**DIRECTIONS FOR THIS TASK:** Restate every entry verbatim; drop the pictures.

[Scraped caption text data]
___

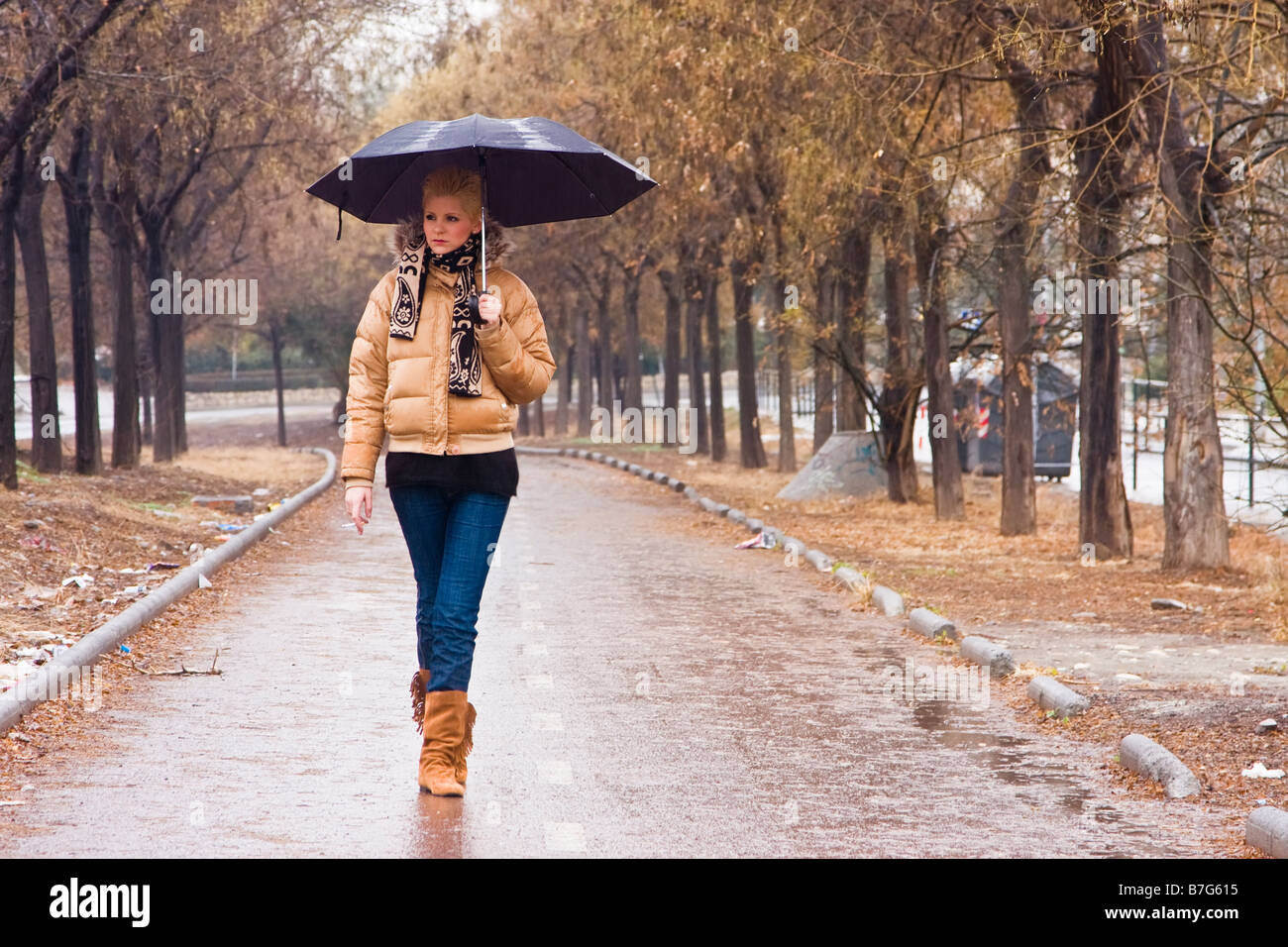 Bionda e giovane donna urbano camminano sotto la pioggia Foto Stock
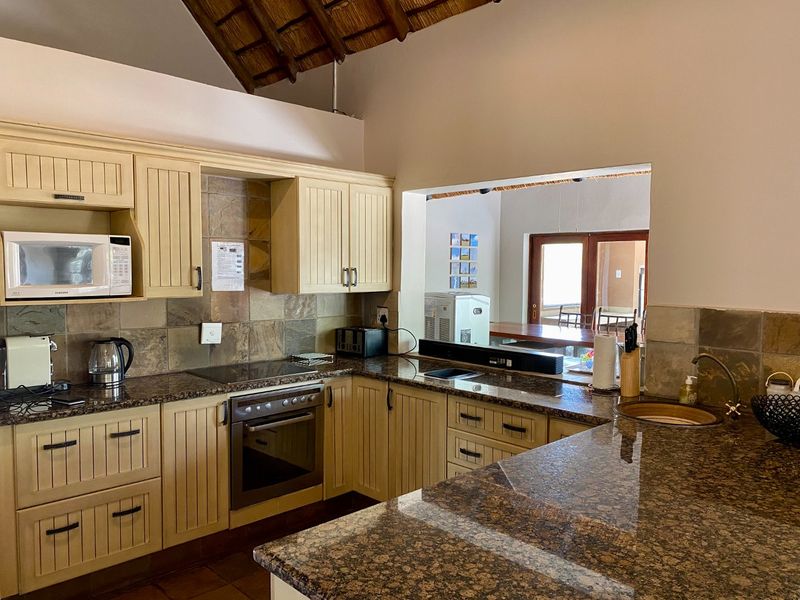 A functional kitchen featuring granite countertops, built-in oven, hob, and extractor fan, with a pass-through window overlooking the adjacent living area.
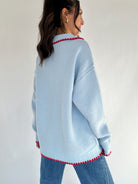 Light blue sweater with red trim worn by a person against a white background back view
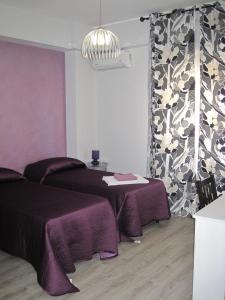巴勒莫阿玛瑞58号住宿加早餐旅馆的一间设有两张床和一张带紫色毯子的桌子的房间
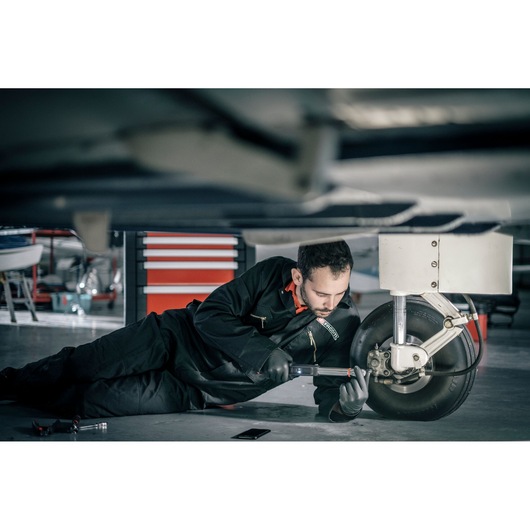 Facom E_516ST-30PB photography of technician in black coveralls servicing aircraft wheel in hangar.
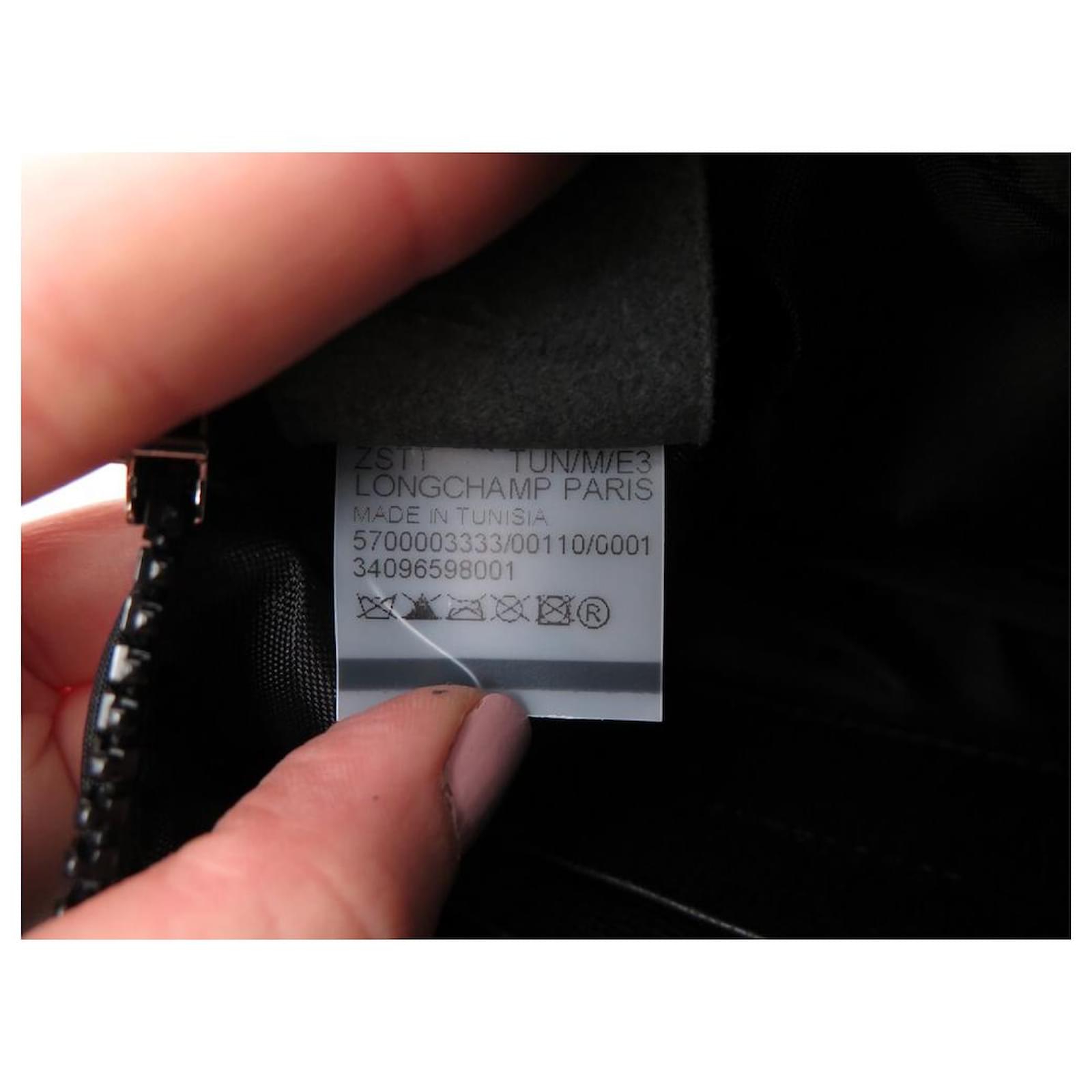 harga pouch longchamp original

___

**SOLUTION TO THE EXERCISE:**
 Bionda e giovane donna urbano camminano sotto la pioggia Foto Stock
 A functional kitchen featuring granite countertops, built-in oven, hob, and extractor fan, with a pass-through window overlooking the adjacent living area.
 Light blue sweater with red trim worn by a person against a white background back view
巴勒莫阿玛瑞58号住宿加早餐旅馆的一间设有两张床和一张带紫色毯子的桌子的房间
 Facom E_516ST-30PB photography of technician in black coveralls servicing aircraft wheel in hangar.
 harga pouch longchamp original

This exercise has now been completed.